Work to be completed:
Repeat, exactly and in full, the lines of the listing below, but without any pictures.

Input data:
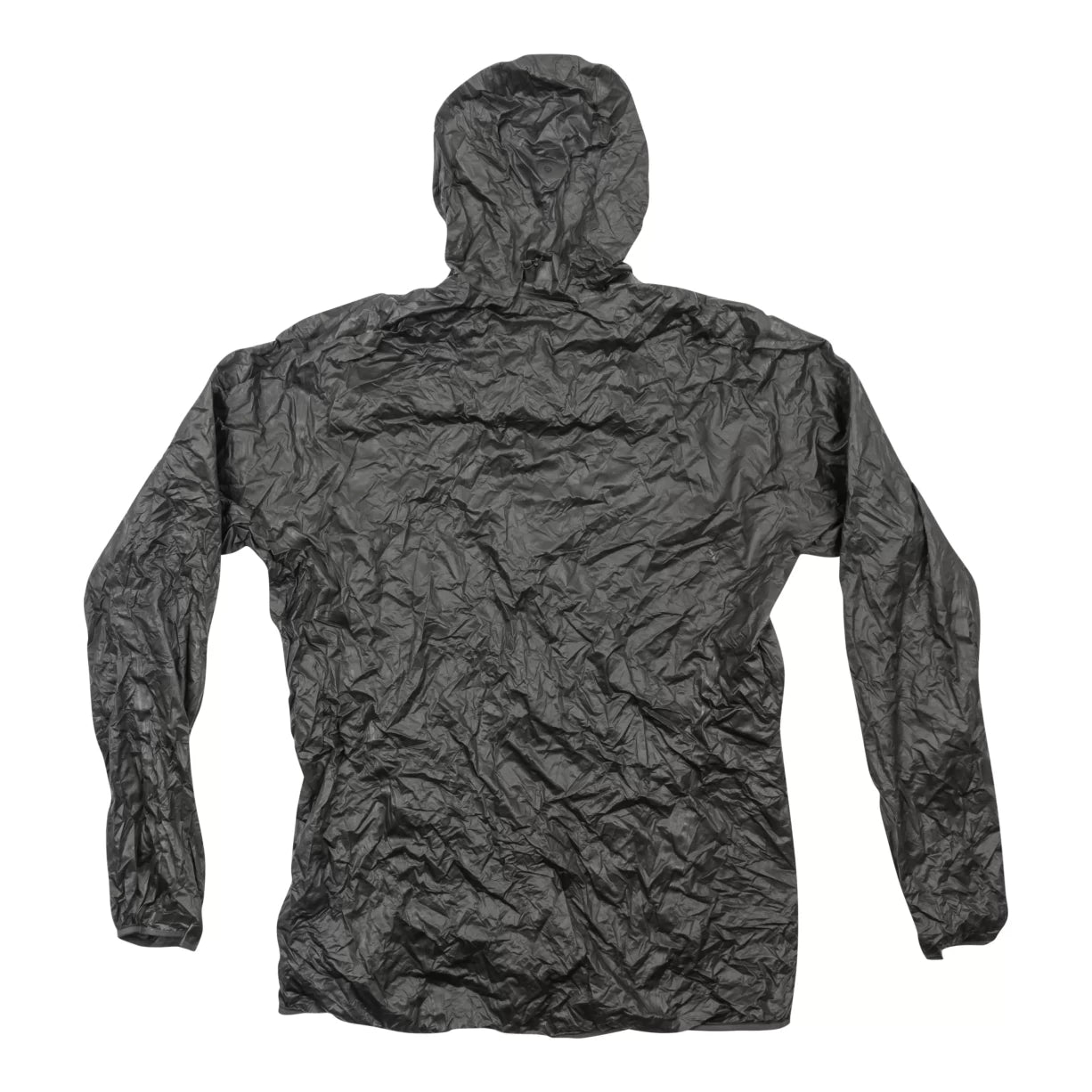 XLBlack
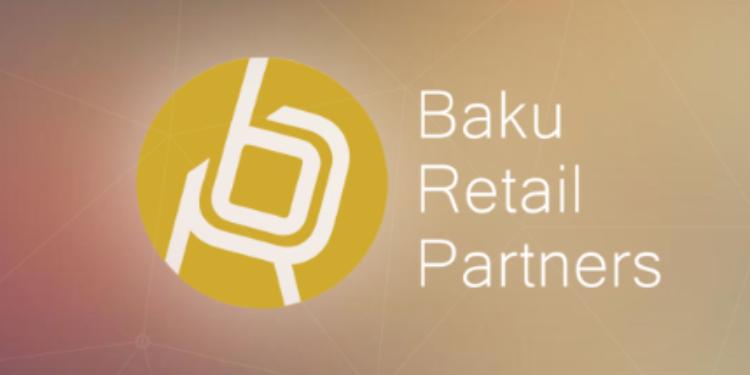 Baku Retails Partners işçi axtarır- VAKANSİYA | FED.az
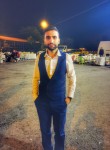 Latif Can, 25 лет, Adilcevaz
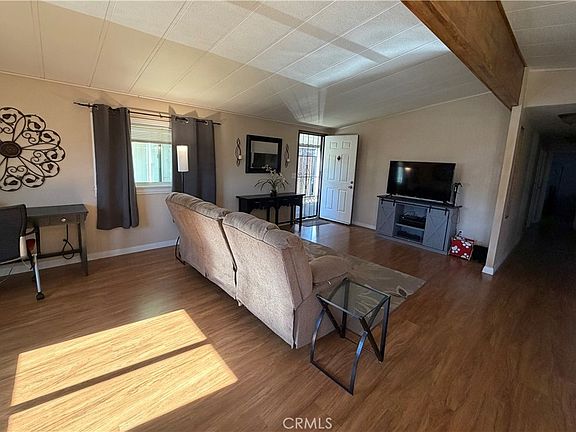 5th image of 1550 Rimpau Ave Space 138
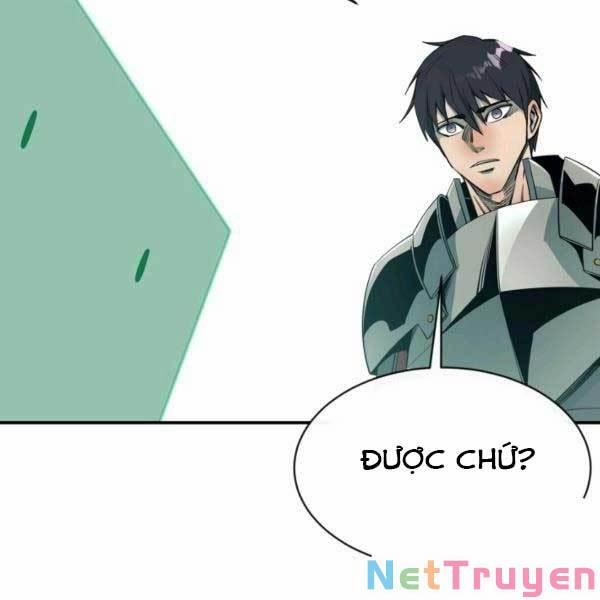 Tôi Càng Ăn Càng Trở Nên Mạnh Mẽ 34 trang 58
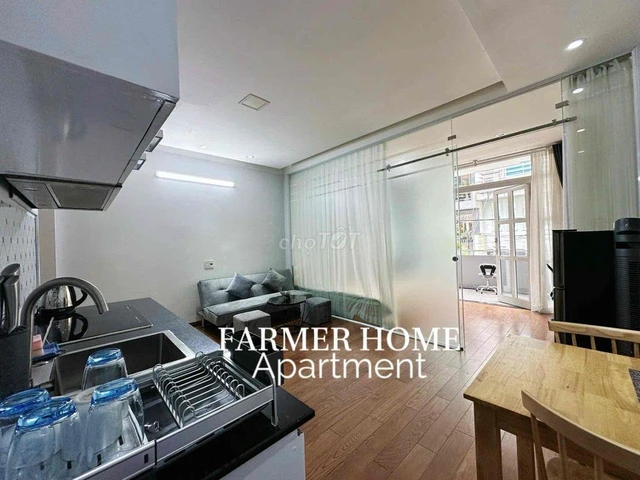 canhotot rental apartment image_default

Result of the task:
 XLBlack
 Baku Retails Partners işçi axtarır- VAKANSİYA | FED.az
 Latif Can, 25 лет, Adilcevaz
 5th image of 1550 Rimpau Ave Space 138
 Tôi Càng Ăn Càng Trở Nên Mạnh Mẽ 34 trang 58
 canhotot rental apartment image_default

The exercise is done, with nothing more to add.